The monthly economic brief provides a summary of latest key economic statistics, forecasts and analysis on the Scottish economy.


Food prices continue to rise despite overall inflation falling in December.

  • UK CPI inflation fell to 10.5% in December, down from 10.7% in November, and its recent peak of 11.1% in October.[2]
Line chart showing the UK CPI total and core inflation rate between 2012 and 2022.
  • The fall over the month was particularly driven by motor fuels, with petrol prices now around 20% lower than their peak in July.[3] Further downward contributions to the rate came from clothing and footwear and recreation and culture, although the annual inflation rate for these categories remained elevated (6.5% and 4.9% respectively).
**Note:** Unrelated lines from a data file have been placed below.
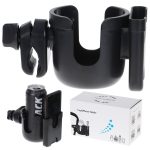 Bottle cup phone holder for bicycle pushchair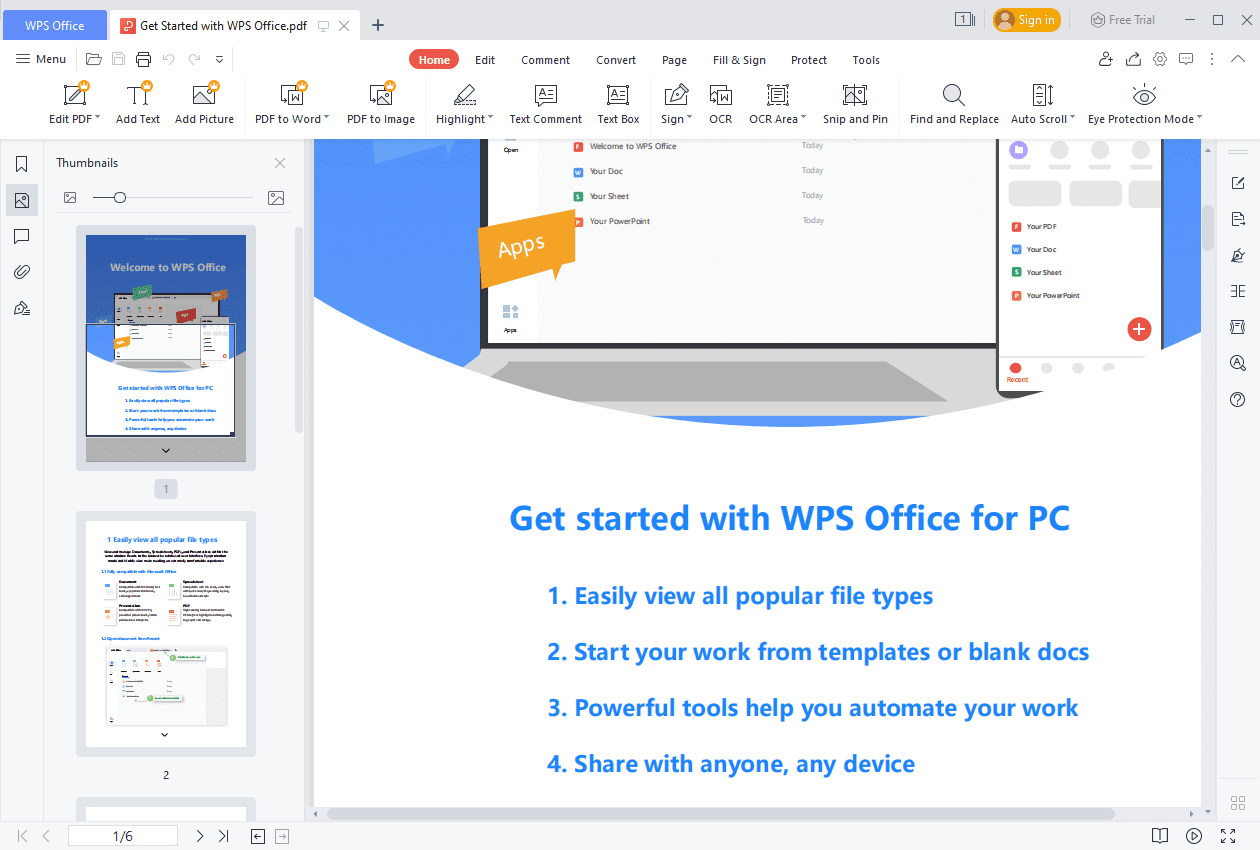 WPS PDF  AI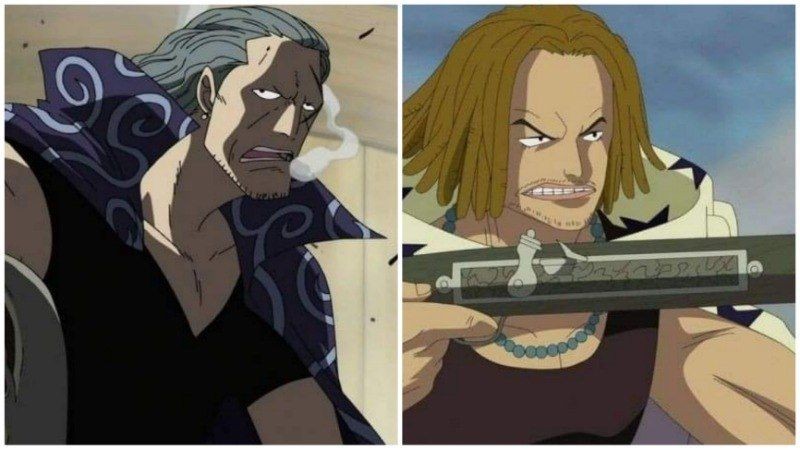 Benn Beckman dan Yasopp, dua pengguna senjata api. (Dok. Toei Animation/One Piece)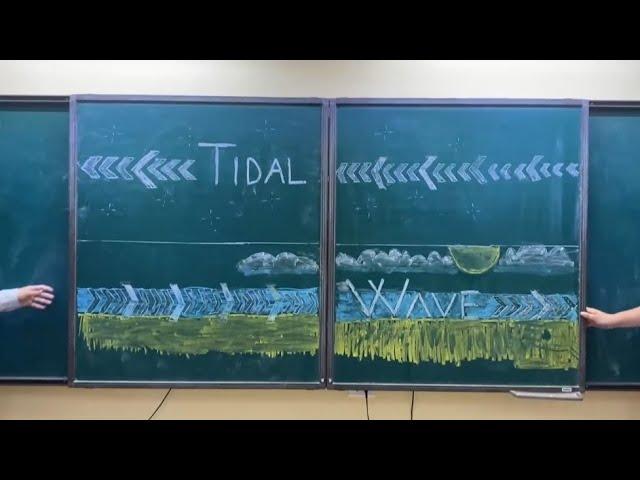 Tidal wave in classroom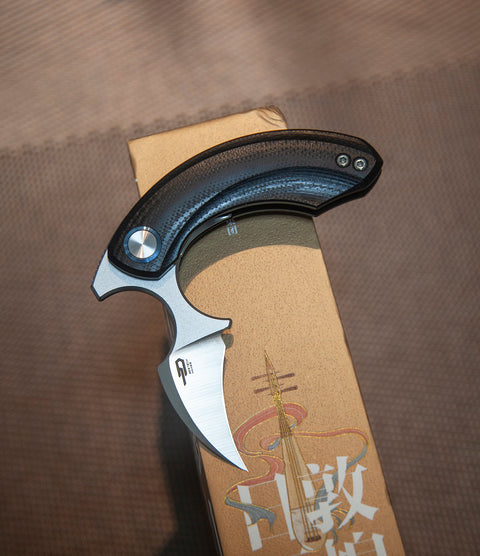 BESTECH STRELIT G10 Handle: 2.19" 14C28N Blade BG52A-1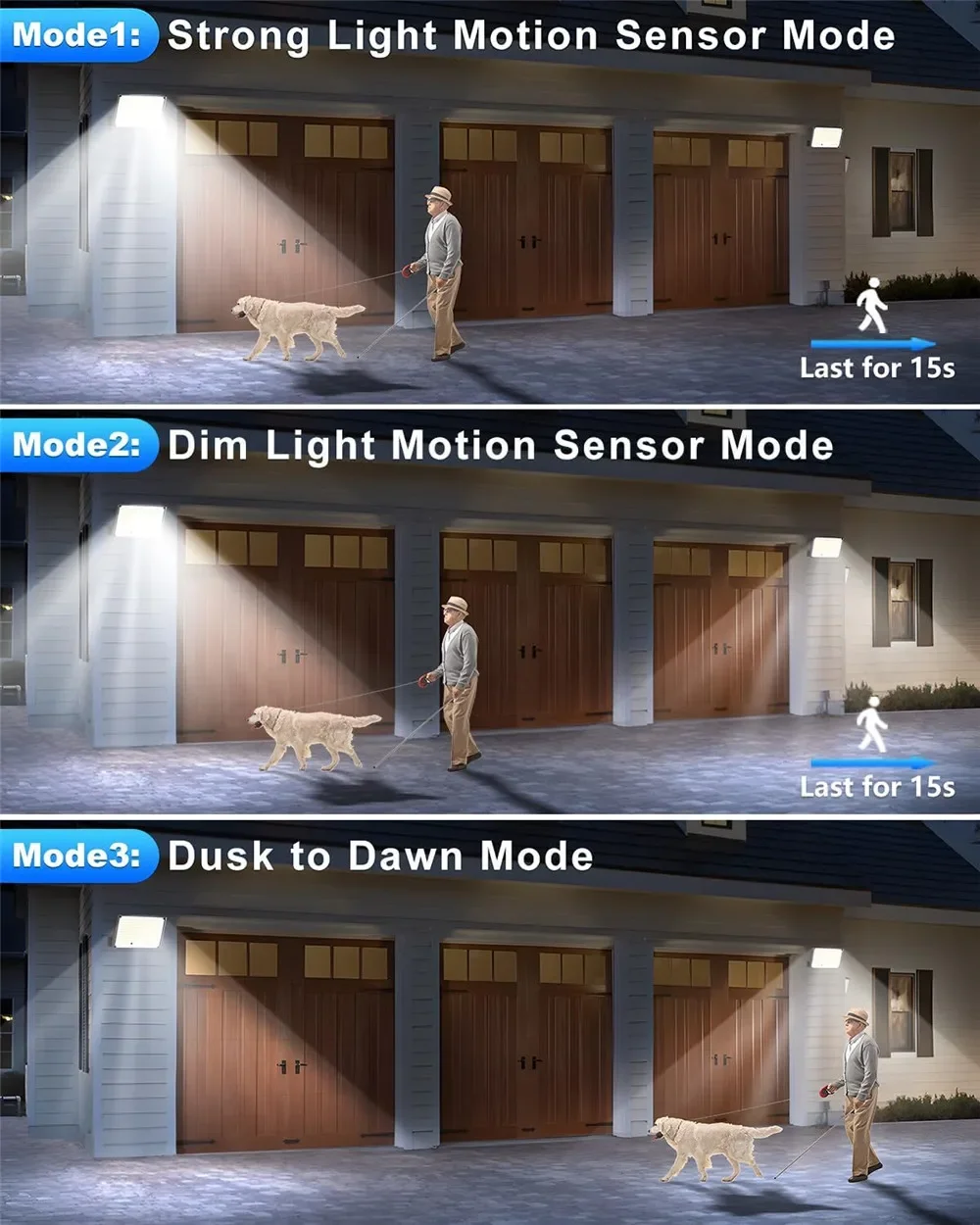 Luz Solar para exteriores con Sensor de movimiento, 172 Led, 3 modos, con Control remoto, impermeable Ip65, para patios y jardines al aire libre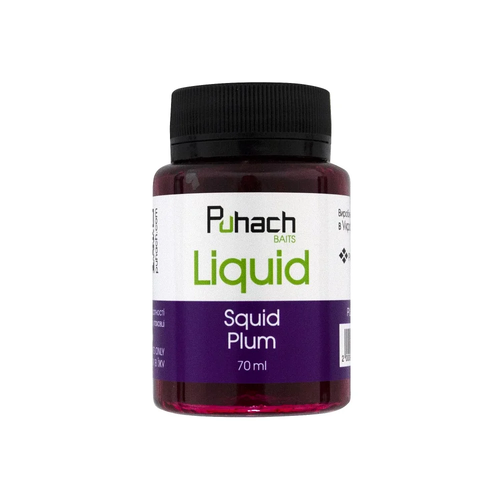 Puhach Baits Liquid 70 ml – Squid Plum (Кальмар/Слива)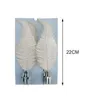 Christmas Decorations 6Pcs Set Fashion Feathers Tree Ornament Accessories Home Party Decoration Wedding Decor Plumes For Xmas Cente X4L7 220912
  • However, inflation continued to rise across a range of categories, including essentials such as food and non‑alcoholic drinks (16.8%) and restaurants and hotels (11.3%).
Bar chart showing the annual CPI inflation rate for goods and services categories in December 2022.
  • Core inflation, which excludes food, energy, alcohol and tobacco, remained at 6.3% in December, unchanged from November. Core inflation has been around 6% since April 2022, and highlights that energy price rises have been the main driver of changes in inflation over this period. However, core inflation has risen from 1.4% at the start of 2021 and its persistence reflects that inflation has been broad based.
  • Due to the further rise in underlying inflationary pressures, the Bank of England's Monetary Policy Committee (MPC) increased the Bank Rate by 0.5 percentage points to 4% in February; its tenth consecutive rate rise since December 2021 and up from 0.1% over this period.[4]
Line graph of central bank interest rates in the UK, Euro Area and US between 2000 and 2022.
  • The increase in interest rates over the past year follows a similar pattern to the US Federal Reserve (currently 4.75%) and the European Central Bank (ECB) (currently 2.5%) as monetary policy has tightened to reduce inflationary pressures. Market expectations are that the Bank of England could raise interest rates further over the coming year to around 4.5%, while the Federal Reserve and ECB have indicated that there is potential for further tightening in the US and Euro Area.